*Goal of the exercise*:
Drop the pictures, then extract the listing word for word.

*Collected material*:

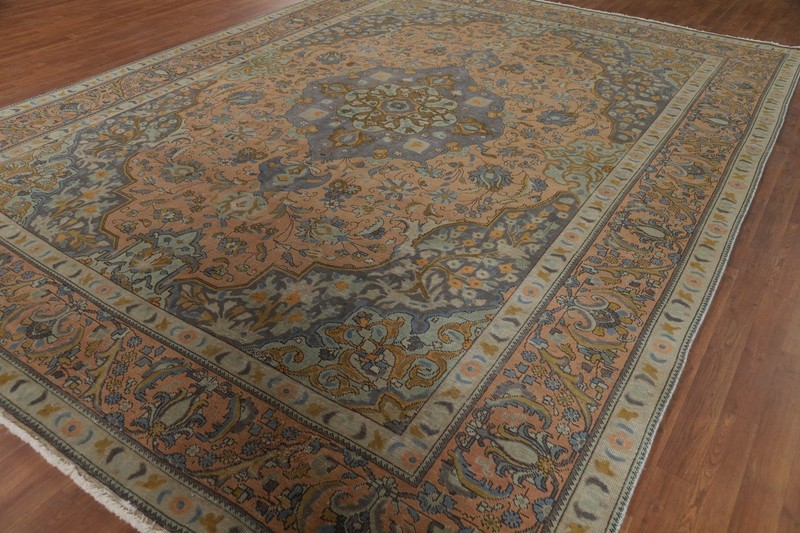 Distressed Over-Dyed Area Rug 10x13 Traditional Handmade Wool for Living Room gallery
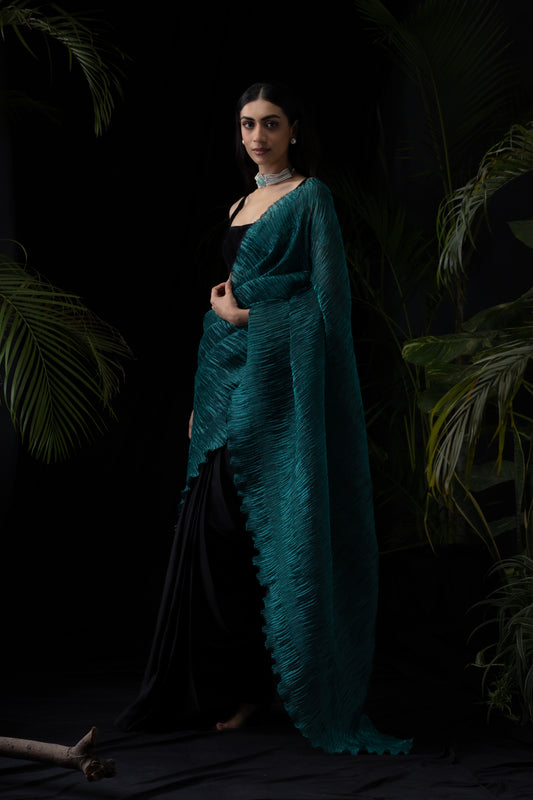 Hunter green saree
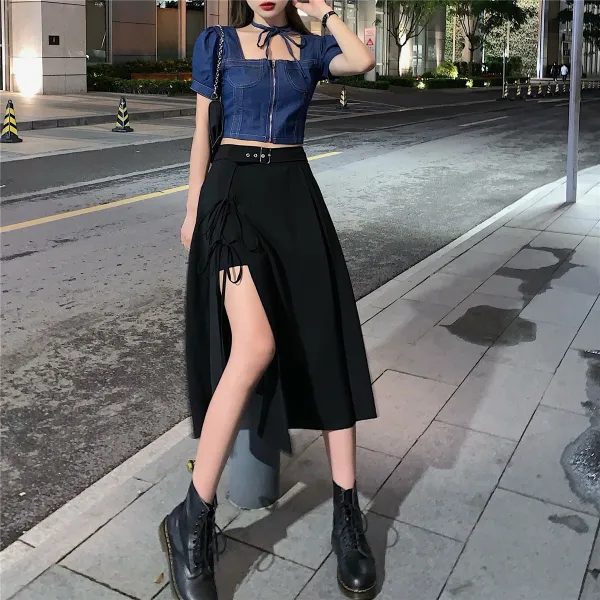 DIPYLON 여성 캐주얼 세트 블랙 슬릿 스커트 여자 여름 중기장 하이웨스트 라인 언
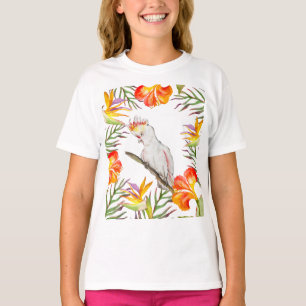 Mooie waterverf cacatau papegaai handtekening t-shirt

*Output below*:
 Distressed Over-Dyed Area Rug 10x13 Traditional Handmade Wool for Living Room gallery
 Hunter green saree
 DIPYLON 여성 캐주얼 세트 블랙 슬릿 스커트 여자 여름 중기장 하이웨스트 라인 언
 Mooie waterverf cacatau papegaai handtekening t-shirt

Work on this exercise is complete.